Title: 
Approximation Algorithms for Indefinite Complex Quadratic Maximization Problems


Authors:
Yongwei Huang
Department of Systems Engineering and Engineering Management
The Chinese University of Hong Kong
Shatin, Hong Kong.

Shuzhong Zhang
Department of Systems Engineering and Engineering Management
The Chinese University of Hong Kong
Shatin, Hong Kong


Abstract:
In this paper we consider the following two types of complex
quadratic maximization problems: (i) maximize $z^{\HH} Q z$,
subject to $z_k^m=1$, $k=1,...,n$, where $Q$ is a Hermitian matrix
with $\tr Q=0$ and $z\in \C^n$ is the decision vector; (ii)
maximize $\re y^{\HH}Az$, subject to $y_k^m=1$, $k=1,...,p$, and
$z_l^m=1$, $l=1,...,q$, where $A\in \C^{p\times q}$ and $y\in
\C^p$ and $z\in \C^q$ are the decision vectors.
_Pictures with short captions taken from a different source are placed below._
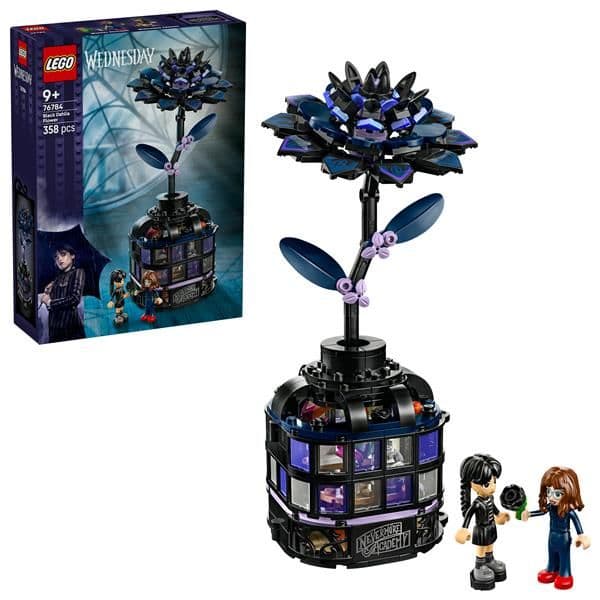 Fiore di dalia nero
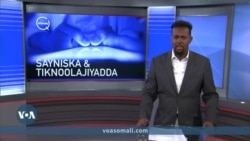 Wararka sayniska iyo teknoolojiyadda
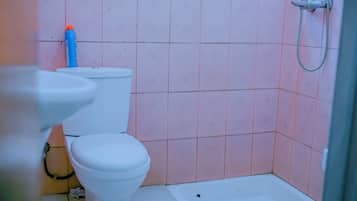 Shower, bidet, towels, toilet paper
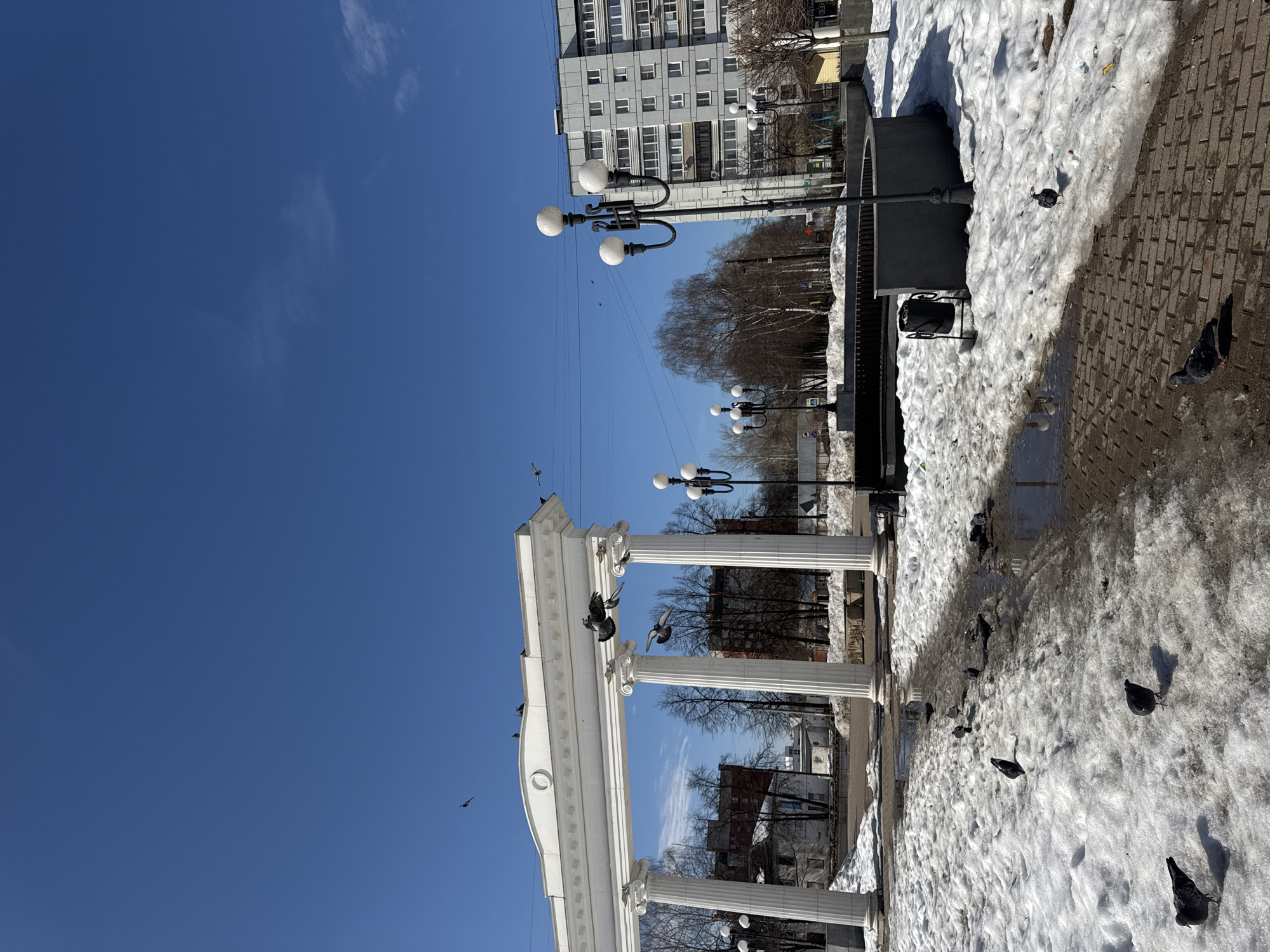 The image depicts an urban park environment identified as Park Pobedy (Victory Park) in Chaikovsky, Russia, under a clear, bright blue sky with minimal scattered white clouds. The ground is extensively covered in melting snow, revealing patches of brown brick paving and numerous puddles. Visible debris, including wrappers and cigarette butts, is present within the snow.
A prominent white, classical-style colonnade stands in the mid-ground on the left, featuring four fluted columns supporting a flat architrave with a central circular medallion. Approximately six rock doves (pigeons) are perched along the top of this colonnade, while two are captured mid-flight directly in front of it. Several other birds, likely pigeons, are flying higher in the clear sky. An estimated ten pigeons are distributed across the snow and exposed paving in the lower foreground, appearing to forage.
Several black lampposts, each topped with multiple (three to four) spherical white globes, are positioned throughout the park, with one prominent in the mid-right. A dark grey, low circular concrete structure, possibly a dormant fountain or planter, is located in the mid-ground, with a black wire trash receptacle positioned beside it.
In the background, bare deciduous trees, devoid of foliage, are visible. To the left of the colonnade, a red-brick building and a smaller white building with a dark roof are discernible. To the right, a multi-story, light grey residential building with multiple windows and balconies is prominent. Electrical or communication wires traverse the sky in the mid-ground. No human subjects are present in the scene. The overall environment suggests a sunny day during late winter or early spring conditions due to the melting snow and bare trees.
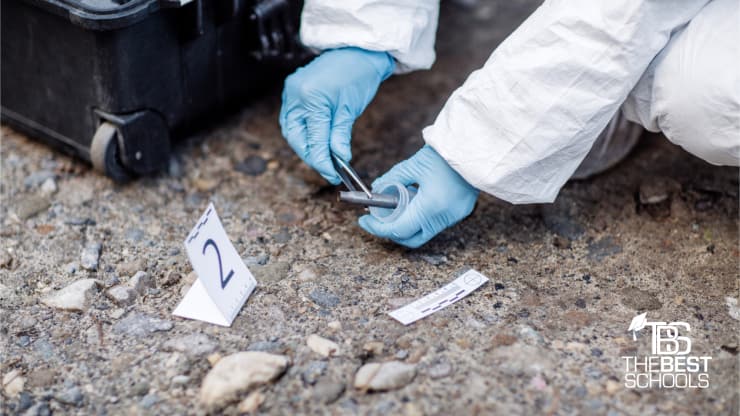 Best Online Bachelor’s in Crime Scene Investigation Programs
In the real cases
(namely $m=2$ and the matrices are all real-valued), such problems
were recently considered by Charikar and Wirth 
and Alon and Naor respectively. In particular, Charikar and
Wirth presented an $\Omega(1/\log n)$ approximation algorithm 
for Problem (i) in the real case, and Alon and Naor presented 
a 0.56-approximation algorithm for Problem (ii) in the real case. 
In this paper, we propose an $\Omega(1/\log n)$ approximation algorithm for the
general version of complex Problem (i), and a
$\left(\frac{m^2(1-\cos\frac{2\pi}{m})}{4\pi}-1\right)$-approximation
algorithm for the general version of complex Problem (ii). For the limit
and continuous version of complex Problem (ii) ($m\rightarrow\infty$),
we further show that a 0.7118 approximation ratio can be achieved.